- **PROBLEM**:
Pictures should be excluded; otherwise, copy every entry exactly.

- **DATA**:
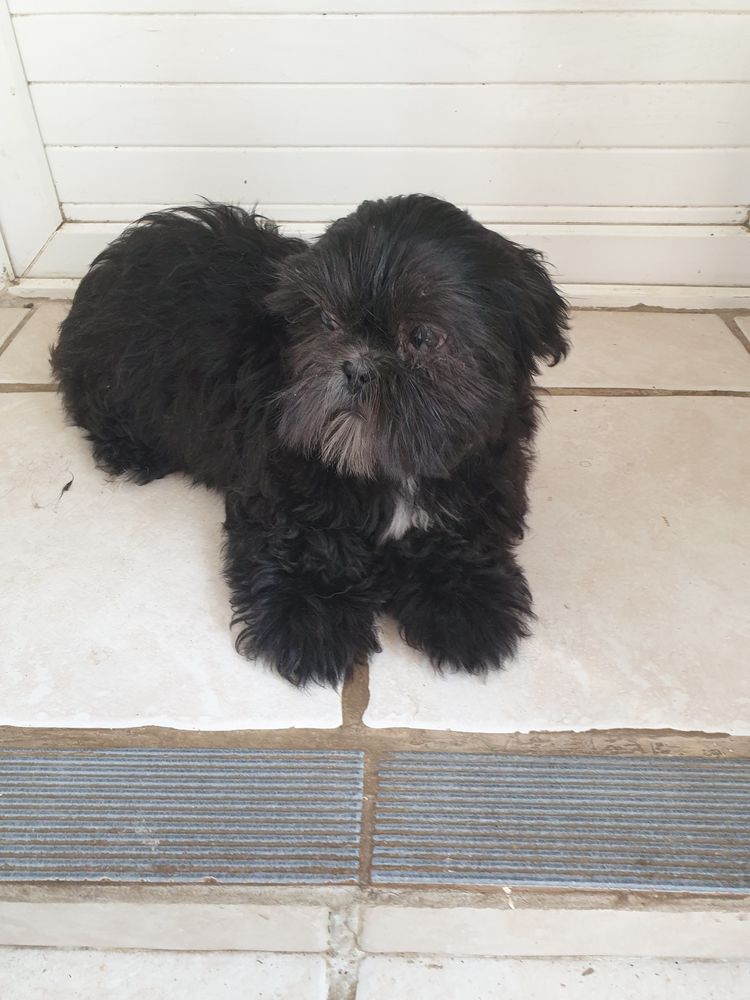 SPLENDIDE SHIH TZU M&Acirc;LE NOIR BLEUT&Eacute;. 580 86400 Civray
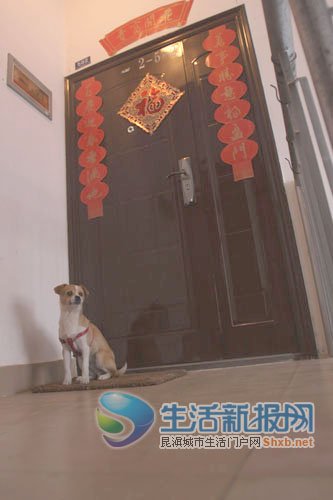 云南临沧电台台长夫妇棒杀精神病儿子(图)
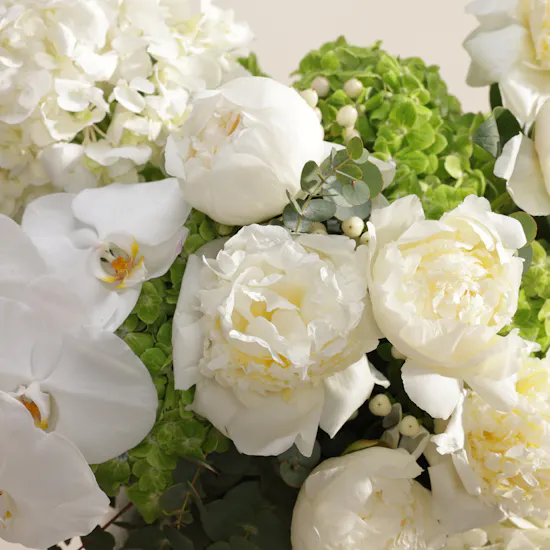 Peony Grace Harmony Vase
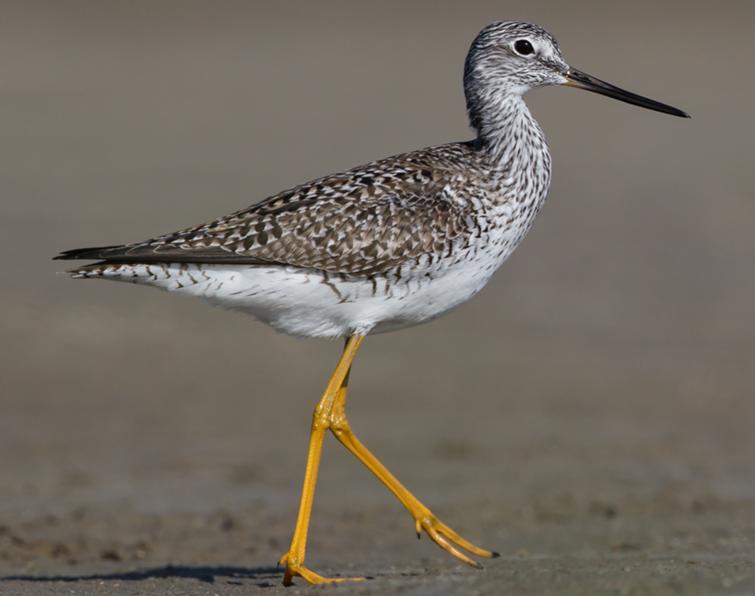 Image of Greater Yellowlegs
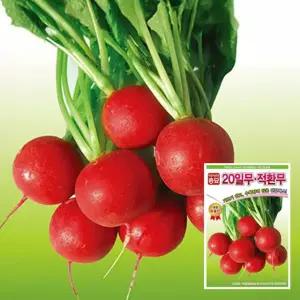 20일무 적환무 12g 소형 적무 · 무씨앗 텃밭재배 종자(AS)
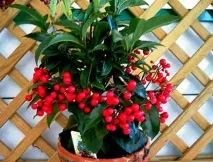 ardisia грижи
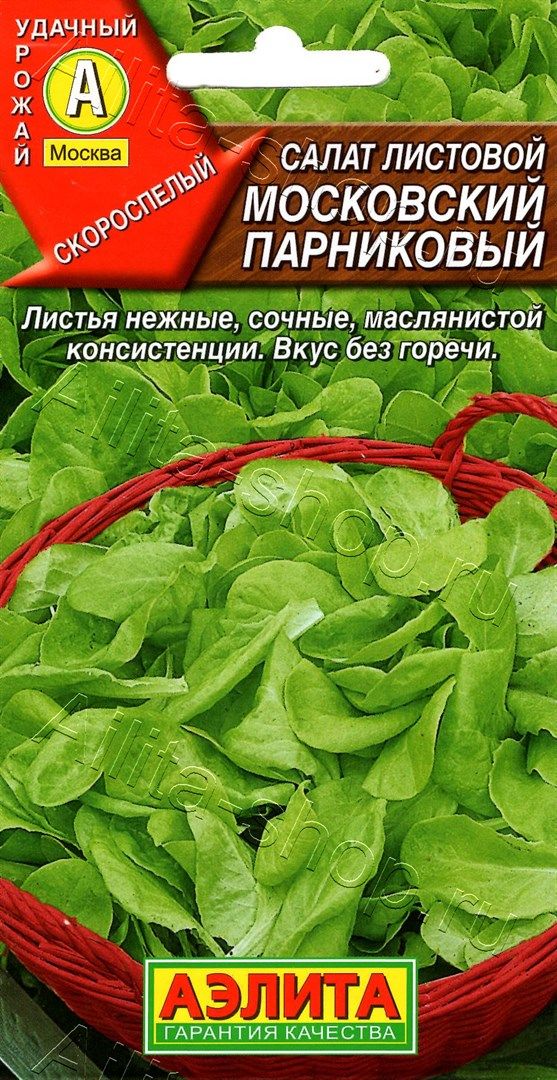 Салат московский парниковый описание. Салат листовой Московский парниковый. Салат Московский парниковый. Семена салат Московский парниковый. Салат листовой Московский.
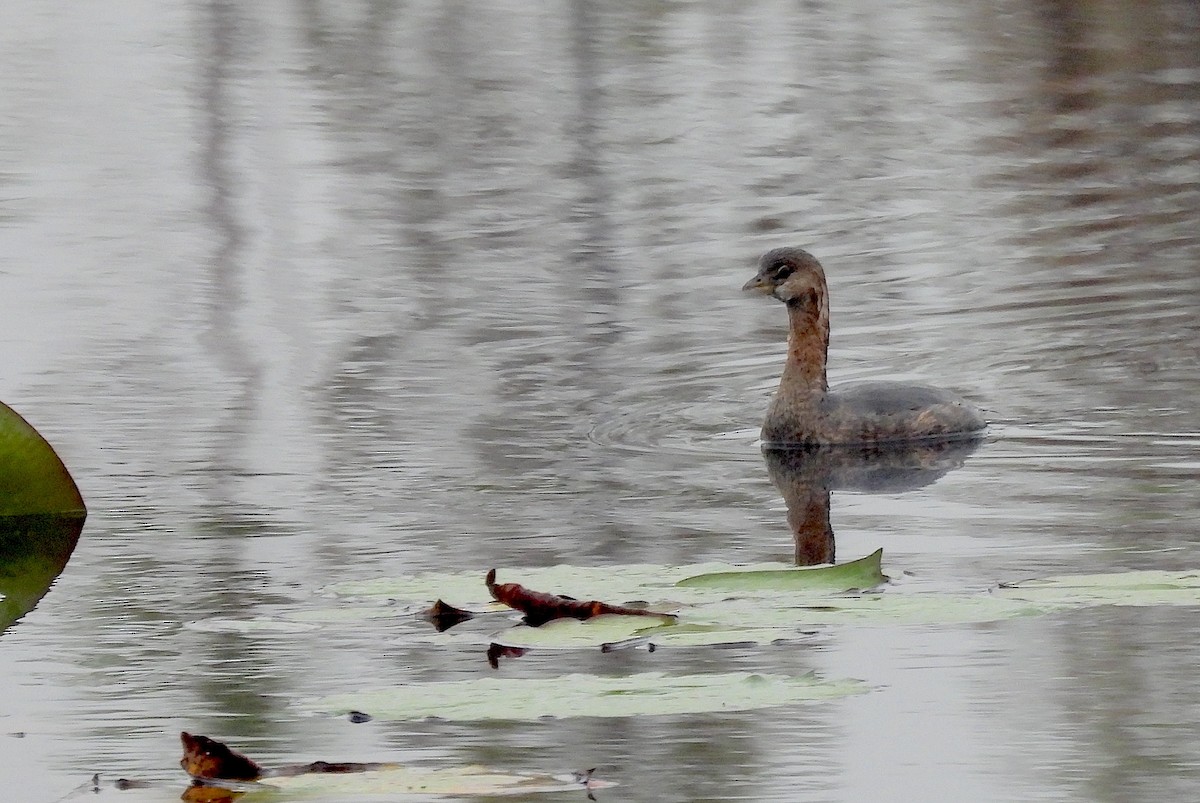 オビハシカイツブリ - ML646458644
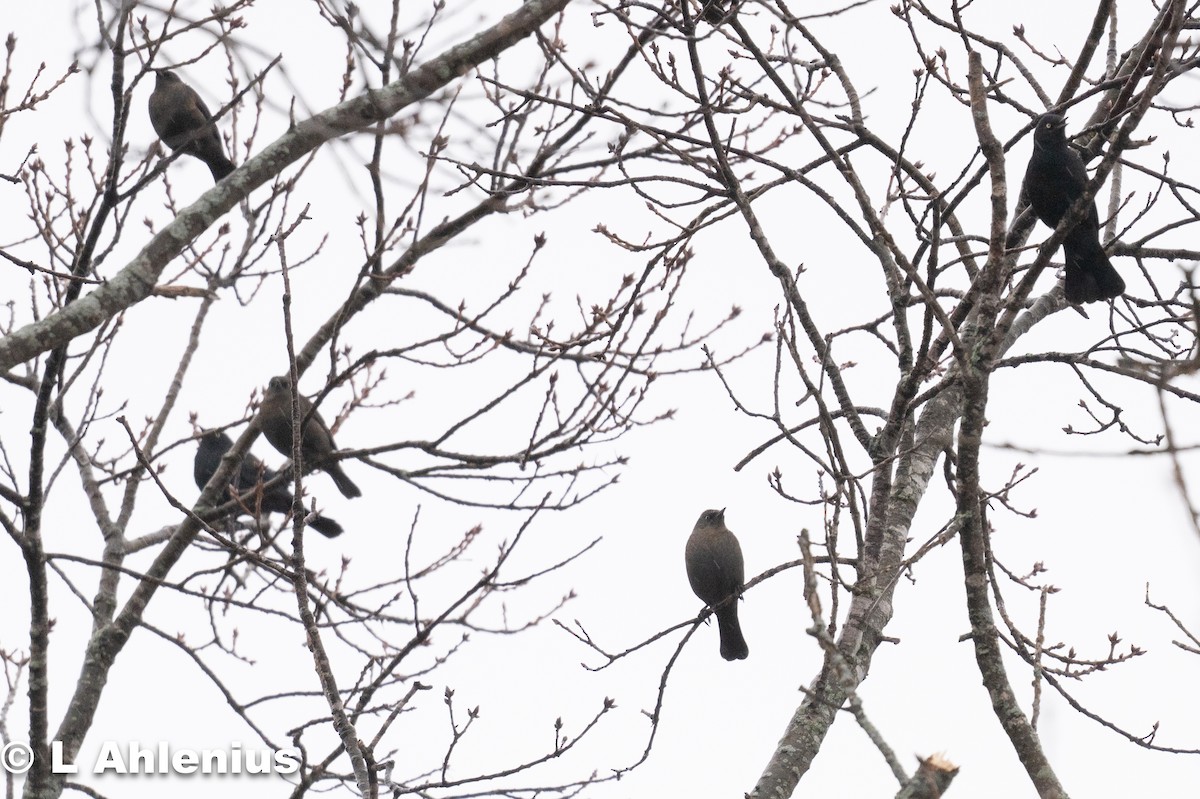 Трупіалець північний - ML632925101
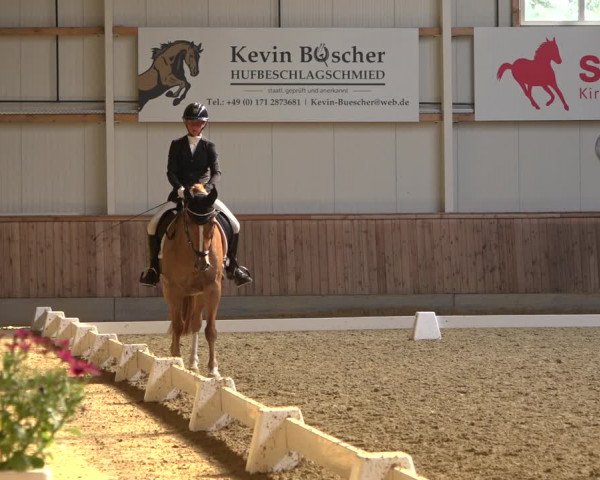 Reitturnier Ochtrup 2023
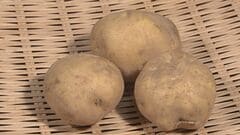 来月前半は「じゃがいも」「たまねぎ」が平年より1割から3割ほど高い見通し　イラン情勢の影響は聞かれず　農水省| TBS CROSS DIG with Bloomberg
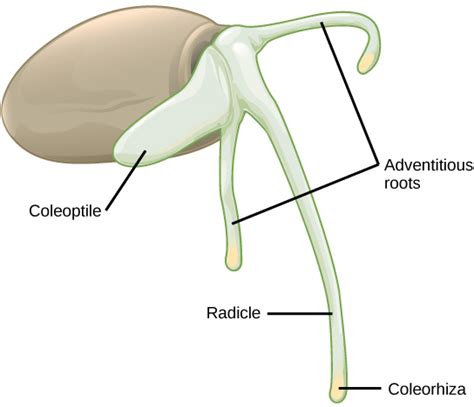 32.8: Pollination and Fertilization - Development of the Seed - Biology LibreTexts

- **ANSWER AREA**:
 SPLENDIDE SHIH TZU M&Acirc;LE NOIR BLEUT&Eacute;. 580 86400 Civray
 云南临沧电台台长夫妇棒杀精神病儿子(图)
 Peony Grace Harmony Vase
 Image of Greater Yellowlegs
 20일무 적환무 12g 소형 적무 · 무씨앗 텃밭재배 종자(AS)
 ardisia грижи
 Салат московский парниковый описание. Салат листовой Московский парниковый. Салат Московский парниковый. Семена салат Московский парниковый. Салат листовой Московский.
 オビハシカイツブリ - ML646458644
 Трупіалець північний - ML632925101
 Reitturnier Ochtrup 2023
 来月前半は「じゃがいも」「たまねぎ」が平年より1割から3割ほど高い見通し　イラン情勢の影響は聞かれず　農水省| TBS CROSS DIG with Bloomberg
 32.8: Pollination and Fertilization - Development of the Seed - Biology LibreTexts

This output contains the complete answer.